ACTIVITY: Pictures must be dropped from the copy of the entries below; all else is returned exactly.
=== SOURCE DATA ===
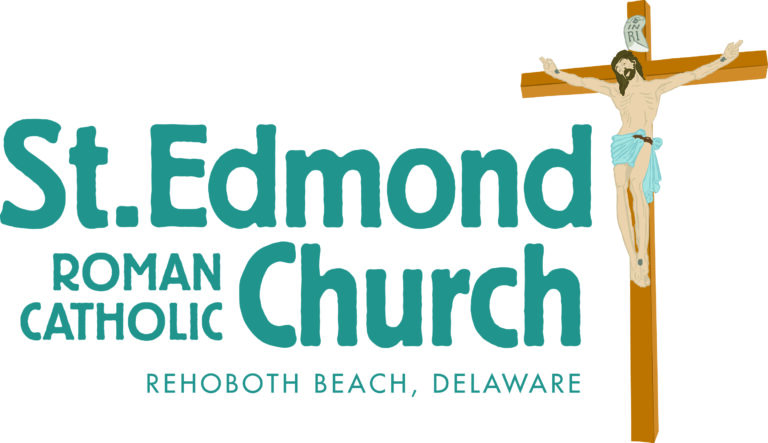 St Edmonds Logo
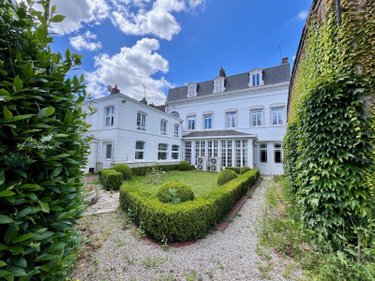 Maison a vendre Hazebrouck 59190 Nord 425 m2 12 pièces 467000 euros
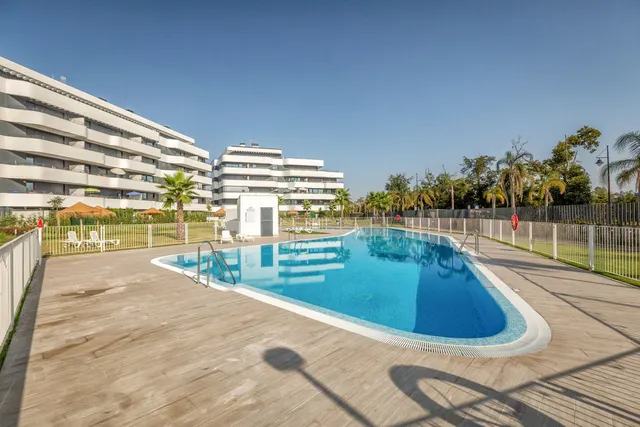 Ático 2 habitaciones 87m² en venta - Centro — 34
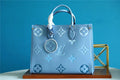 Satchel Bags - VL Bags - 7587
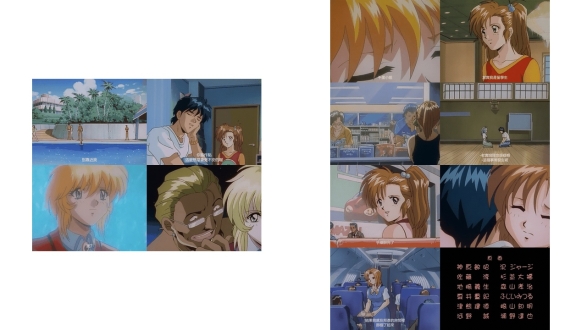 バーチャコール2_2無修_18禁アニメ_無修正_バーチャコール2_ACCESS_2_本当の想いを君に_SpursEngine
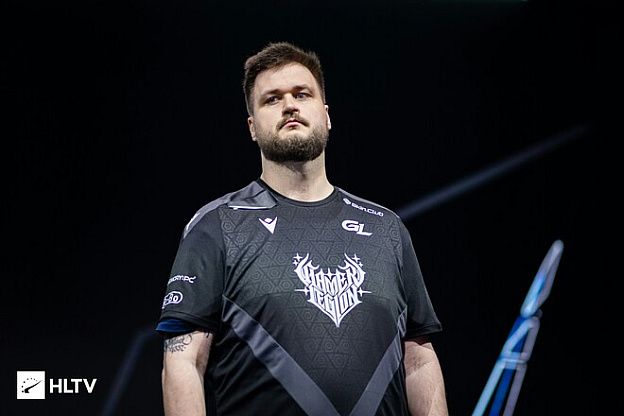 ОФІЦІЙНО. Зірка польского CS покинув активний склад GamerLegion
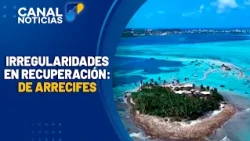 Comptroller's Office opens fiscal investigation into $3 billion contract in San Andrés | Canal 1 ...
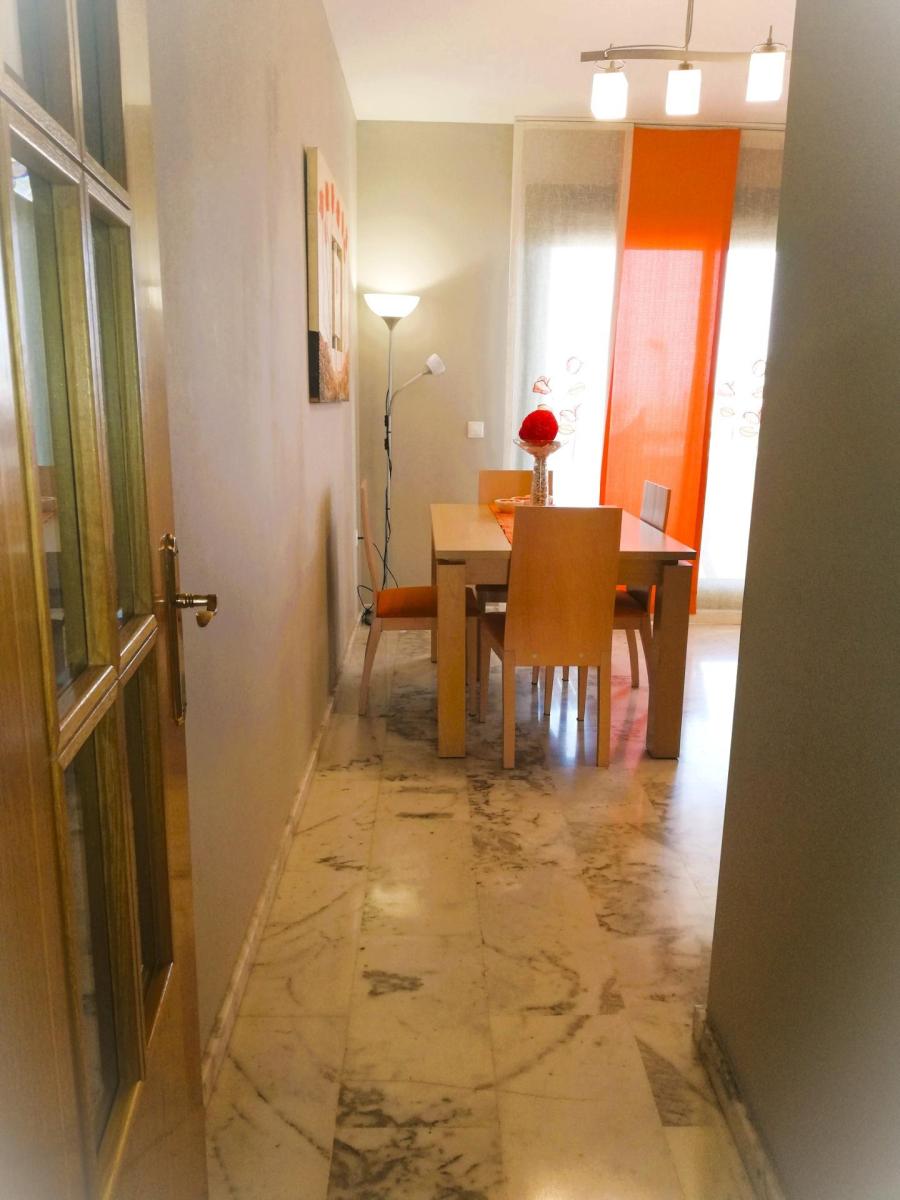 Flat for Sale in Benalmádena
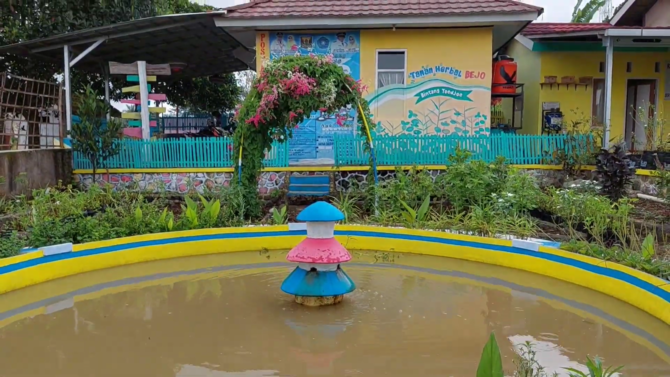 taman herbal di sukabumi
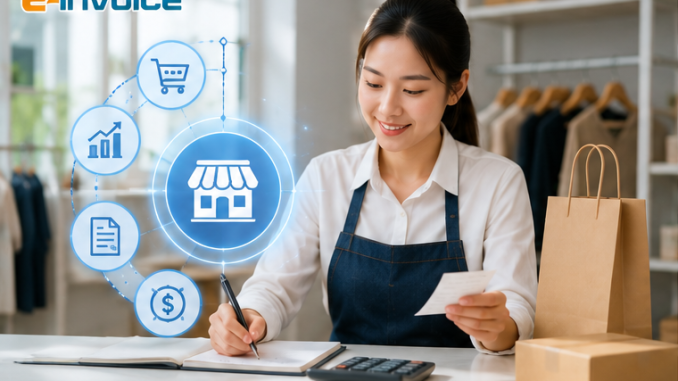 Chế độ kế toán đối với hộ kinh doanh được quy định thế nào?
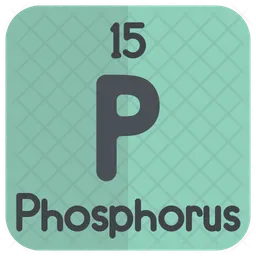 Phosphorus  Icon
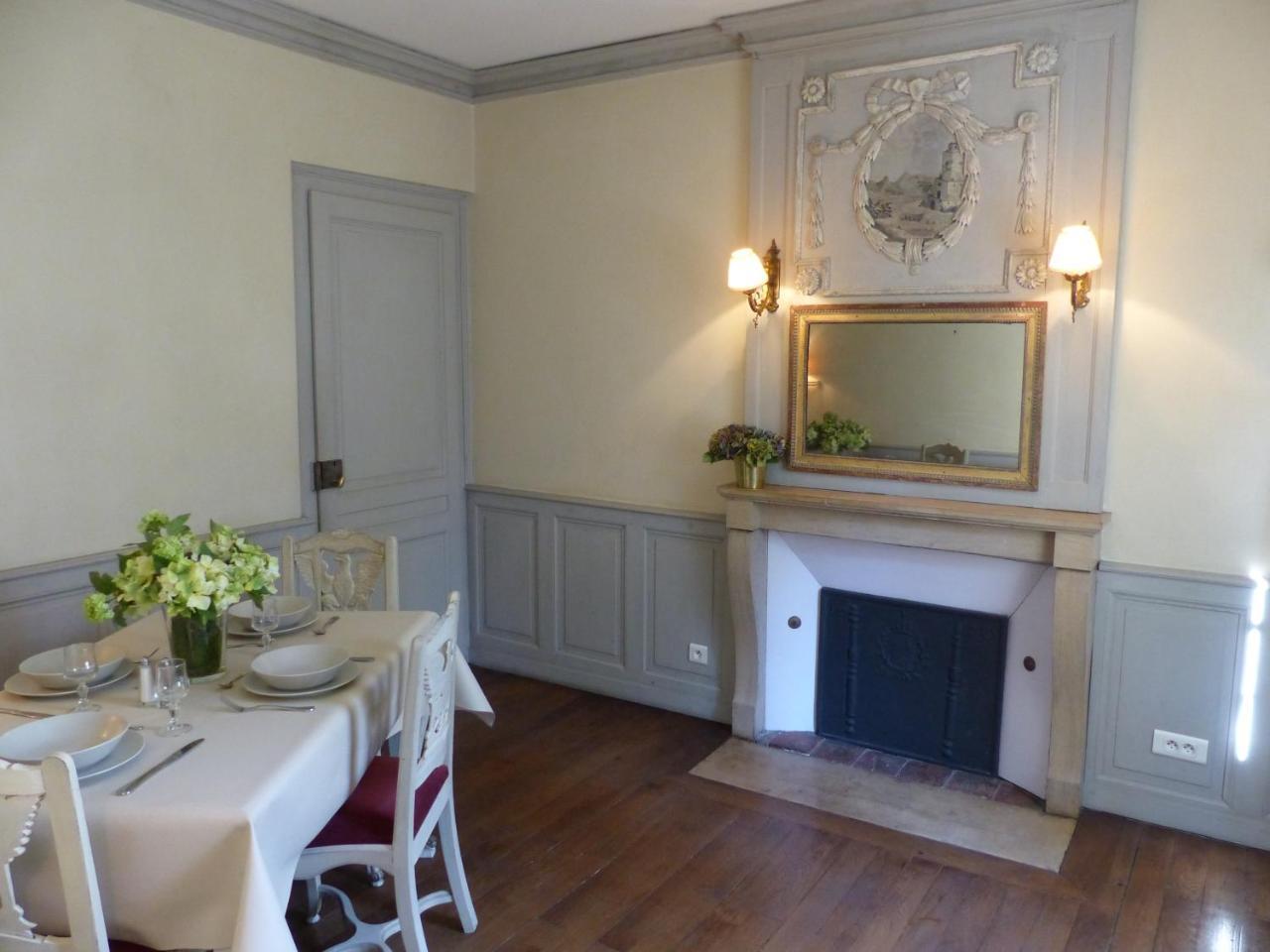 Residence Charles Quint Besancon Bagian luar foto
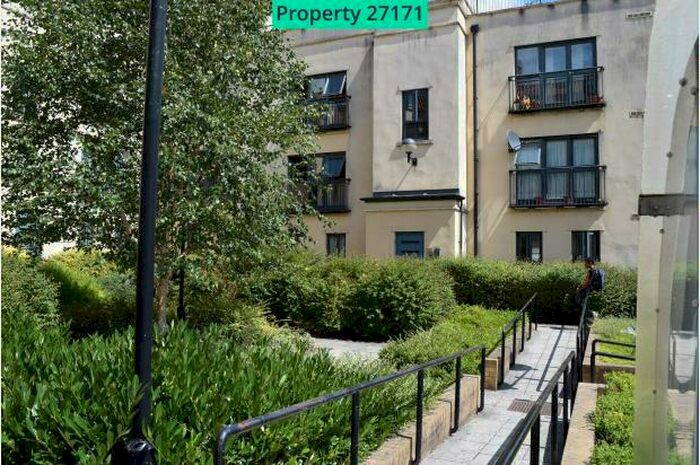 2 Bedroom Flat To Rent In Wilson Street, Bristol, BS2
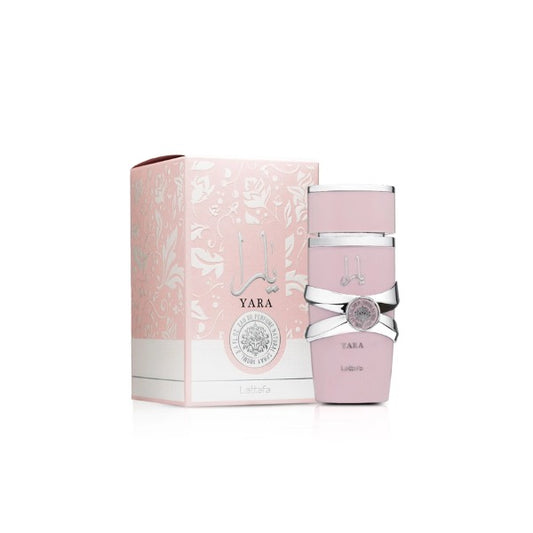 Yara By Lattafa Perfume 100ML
===
TASK RESPONSE:
 St Edmonds Logo
 Maison a vendre Hazebrouck 59190 Nord 425 m2 12 pièces 467000 euros
 Ático 2 habitaciones 87m² en venta - Centro — 34
 Satchel Bags - VL Bags - 7587
 バーチャコール2_2無修_18禁アニメ_無修正_バーチャコール2_ACCESS_2_本当の想いを君に_SpursEngine
 ОФІЦІЙНО. Зірка польского CS покинув активний склад GamerLegion
 Comptroller's Office opens fiscal investigation into $3 billion contract in San Andrés | Canal 1 ...
 Flat for Sale in Benalmádena
 taman herbal di sukabumi
 Chế độ kế toán đối với hộ kinh doanh được quy định thế nào?
 Phosphorus  Icon
 Residence Charles Quint Besancon Bagian luar foto
 2 Bedroom Flat To Rent In Wilson Street, Bristol, BS2
 Yara By Lattafa Perfume 100ML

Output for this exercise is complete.